Scientists discovered that long-term use of ibuprofen — the most common painkiller worldwide — reduces testosterone tissue levels in young healthy men, affecting fertility, erections, muscle mass, libido, and mood. The painkiller’s extensive use over a period of more than two weeks is associated with a state of compensated hypogonadism.
What is Ibuprofen?
Ibuprofen is a nonsteroidal anti-inflammatory drug (NSAID) used to treat fever, pain, and inflammation. Even though the US National Institutes of Health warns buyers that this substance is linked to increased risks of heart attacks, strokes, gastric and intestinal ulcers and perforations, Ibuprofen is still available over the counter (OTC) worldwide.

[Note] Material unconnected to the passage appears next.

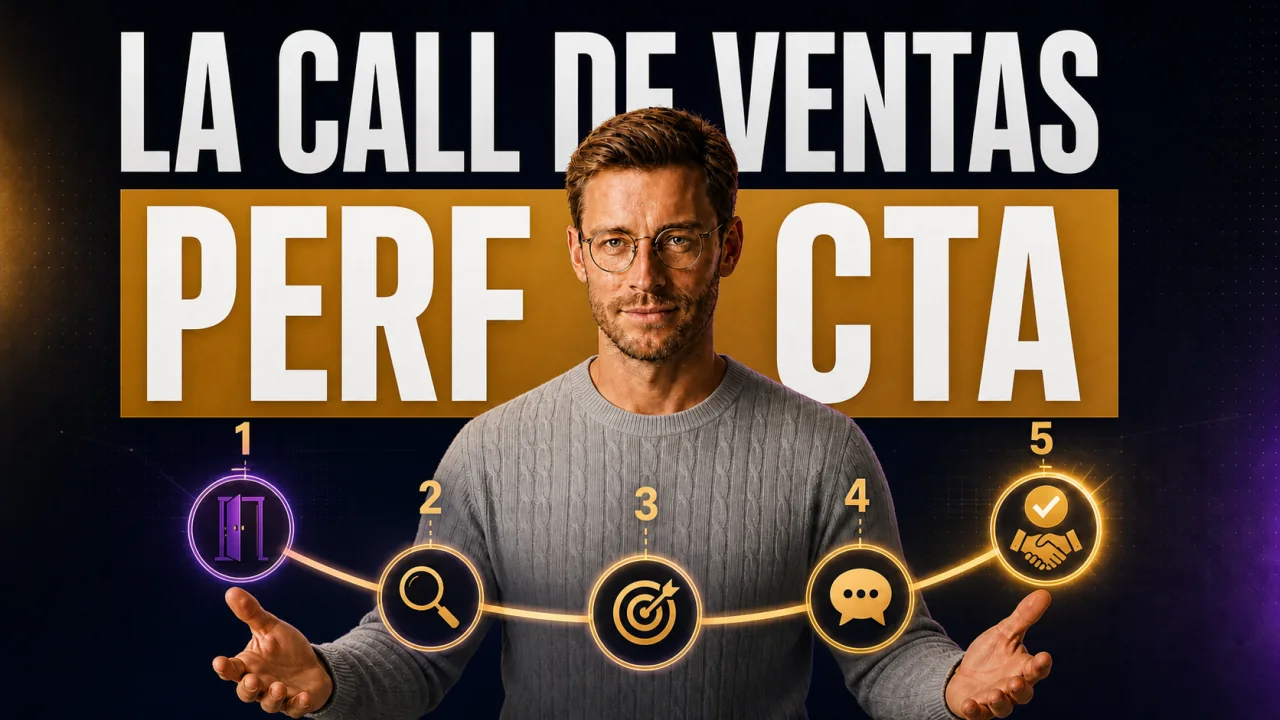 Miniatura de la guía de CloserCart: La estructura de la call de ventas perfecta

Of course, it wouldn’t be such a tragedy if people would take ibuprofen only on doctor’s orders. But the availability of the drug and the innocent reputation it still has are alarming.
Bernard Jégou, co-author, and director of the Institute of Research in Environmental and Occupational Health in France first studied the interactions of common analgesics such as aspirin, paracetamol (Tylenol), and ibuprofen with pregnancy. He discovered that all three drugs affected the development of the fetus’s testes.
However, the effects of such medication on adult males were still unknown. So, to truly understand the matter, Jégou’s team thought of an extensive study.
In vivo, ex vivo and in vitro
The “In vivo” (inside the living body) experiment involved 31 healthy men between the ages of 18 and 35 who had their blood testosterone levels measured by the researchers. The volunteers were separated into two groups, 14 subjects receiving a 44-day ibuprofen treatment (600 mg, twice a day) and the other 17 participants being offered a placebo. When researchers measured testosterone blood levels, they found them unchanged.
What did change was the testosterone to LH (luteinizing hormone) and FSH (follicle-stimulating hormone) ratio. These two hormones are testosterone regulators. When the production of testosterone is low, the pituitary gland synthesizes more LH and FSH, thus signaling the Sertoli and Leydig cells in the testicle to produce more testosterone. This condition is known as compensatory hypogonadism and it usually affects older men and smokers.
Next was the “ex vivo” (outside the living body) component of the study. Doctors studied the effect of ibuprofen on testicular tissue samples received from donors. After exposing Leydig cells to ibuprofen for two days, researchers found that the drug disrupted male hormone synthesis. The “in vitro” (in the test tube) phase findings were consistent with the testicular tissue experiment.
“It is sure that these effects are reversible,” Jégou told CNN. “However, it’s unknown whether the health effects of long-term ibuprofen use are reversible” he added.,
At this moment, Ibuprofen is considered to be the broadest male endocrine-disturbing drug from all chemical classes. Physicians advise taking this medicine with caution, no longer than 10 days in a row.
Findings appeared in the journal Proceedings of the National Academy of Sciences.